• [What to do]: Leave the pictures out and repeat the rest of the data below exactly.

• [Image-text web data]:
================

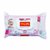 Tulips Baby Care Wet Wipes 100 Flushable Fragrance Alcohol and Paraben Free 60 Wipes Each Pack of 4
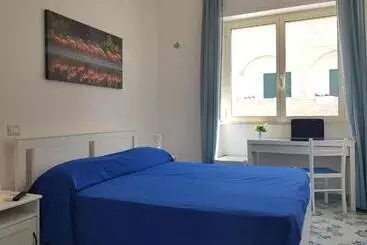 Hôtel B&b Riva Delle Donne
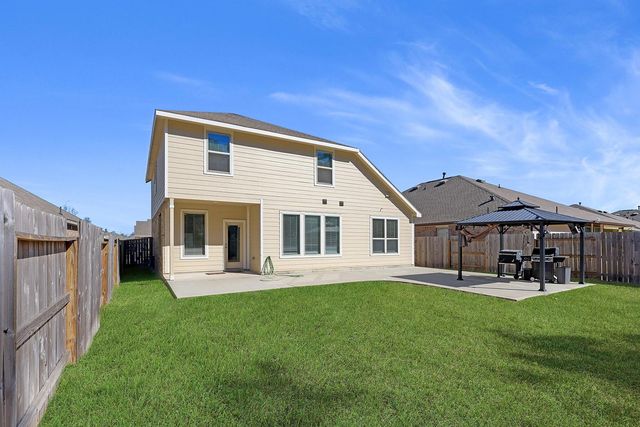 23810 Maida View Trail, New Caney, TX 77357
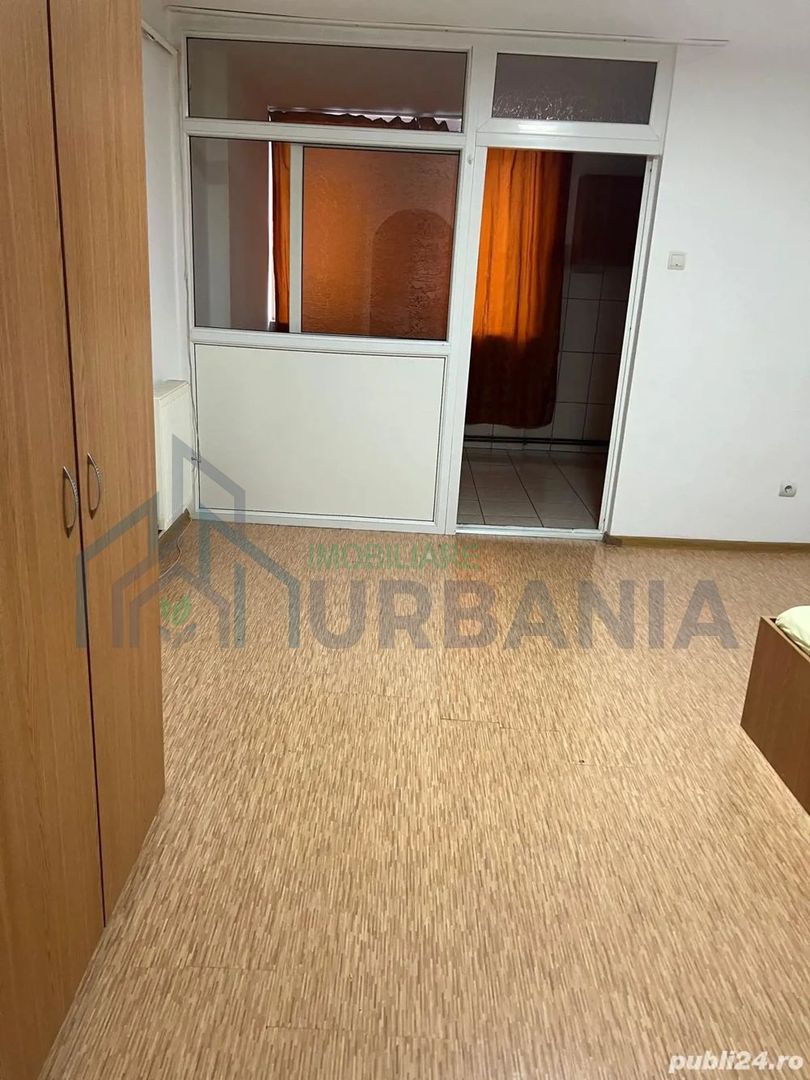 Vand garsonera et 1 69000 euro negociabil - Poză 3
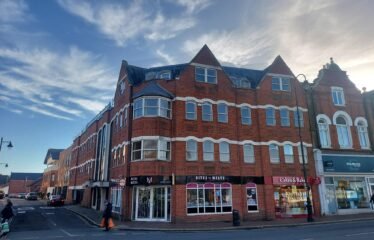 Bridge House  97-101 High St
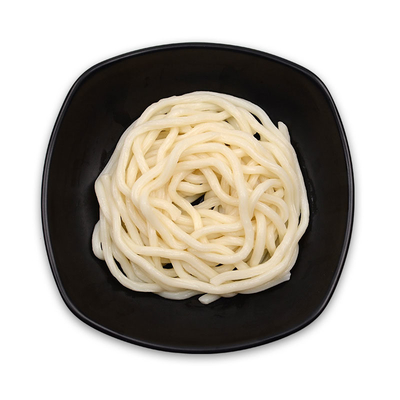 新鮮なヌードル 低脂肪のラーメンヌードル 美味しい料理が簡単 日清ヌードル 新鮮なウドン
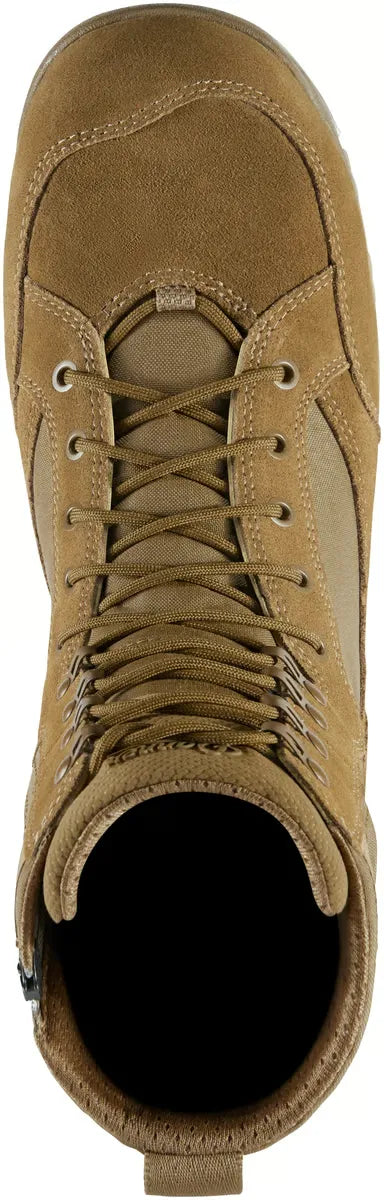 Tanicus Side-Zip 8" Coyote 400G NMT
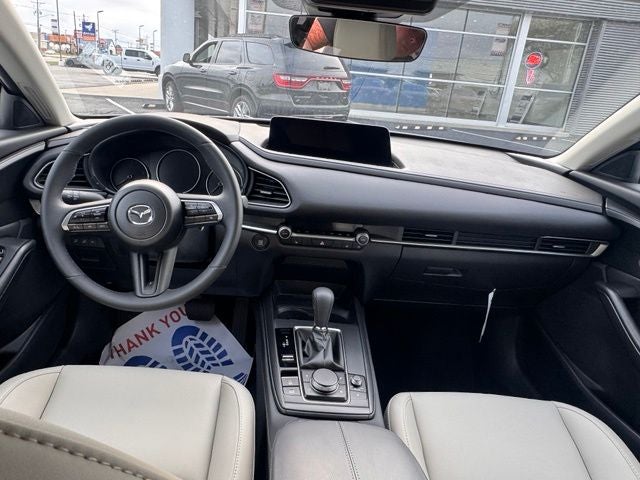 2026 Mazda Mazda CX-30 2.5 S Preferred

================

• [Exercise result]:
 Tulips Baby Care Wet Wipes 100 Flushable Fragrance Alcohol and Paraben Free 60 Wipes Each Pack of 4
 Hôtel B&b Riva Delle Donne
 23810 Maida View Trail, New Caney, TX 77357
 Vand garsonera et 1 69000 euro negociabil - Poză 3
 Bridge House  97-101 High St
 新鮮なヌードル 低脂肪のラーメンヌードル 美味しい料理が簡単 日清ヌードル 新鮮なウドン
 Tanicus Side-Zip 8" Coyote 400G NMT
 2026 Mazda Mazda CX-30 2.5 S Preferred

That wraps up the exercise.